普段、体を動かす機会の少ない留学生にとっていい汗をかくよい機会となったと同時に、地元町会の人たちと一緒になって応援したり競技に参加することにより、交流を深めることができた一日でした。

 

 日本語指導法集中講座(2003.9.20、27)

  9月20・27日の2週にわたり、日本語チュ―タ―登録者を対象に「日本語指導法講座」を実施しました。会話を中心とした日本語の手ほどきから論文の指導、さらには古典文学の現代訳など留学生からの要望は幅が広がってきています。
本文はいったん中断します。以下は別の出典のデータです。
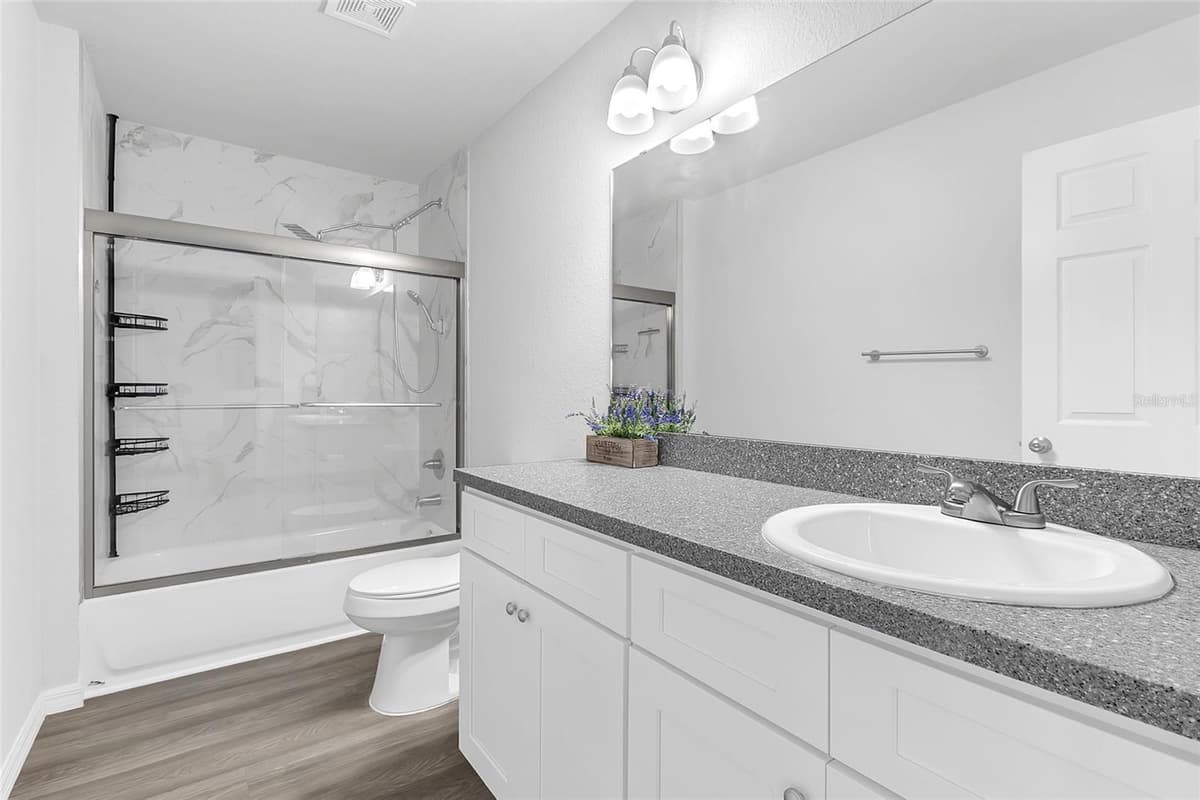 1502 LAS VILLAS BOULEVARD — photo 12 of 32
今回は、経験者のブラッシュアップを中心にカリキュラムを組み、グループ活動などを通して多様化した要望にどう対応していくかなどについても体験的に学ぶことができました。 


 留学生による語学講座(後期)(2003.9.3〜11.21)

 94年の学生会館設立時に留学生の発案によりスタートした語学講座も、20回目を迎えました。これまでに25言語、2,000人を超える市民の皆さんが受講しています。講座は15名の少人数授業。しかも留学生と直に話ができるとあって人気は高く、6倍近い応募になることもあります。
 今年度後期は9月に中国語2講座、韓国語2講座のほか、アラビア語、スペイン語を開講しました。会館の講座は単に語学の習得が目的ではなく、留学生との交流を大切にしているので、講師は母国の音楽をかけたり、写真や映像を見せたり、授業にも工夫を凝らしています。10月にクラスごとに行なった交流会では、受講生が講師の手ほどきを受けながら母国料理に挑戦する姿も見られました。留学生も市民も意欲的で、11月末に全12回の講座が終了する頃にはすっかり意気投合し、自主的にレッスンの継続を決めるケースが目立ちました。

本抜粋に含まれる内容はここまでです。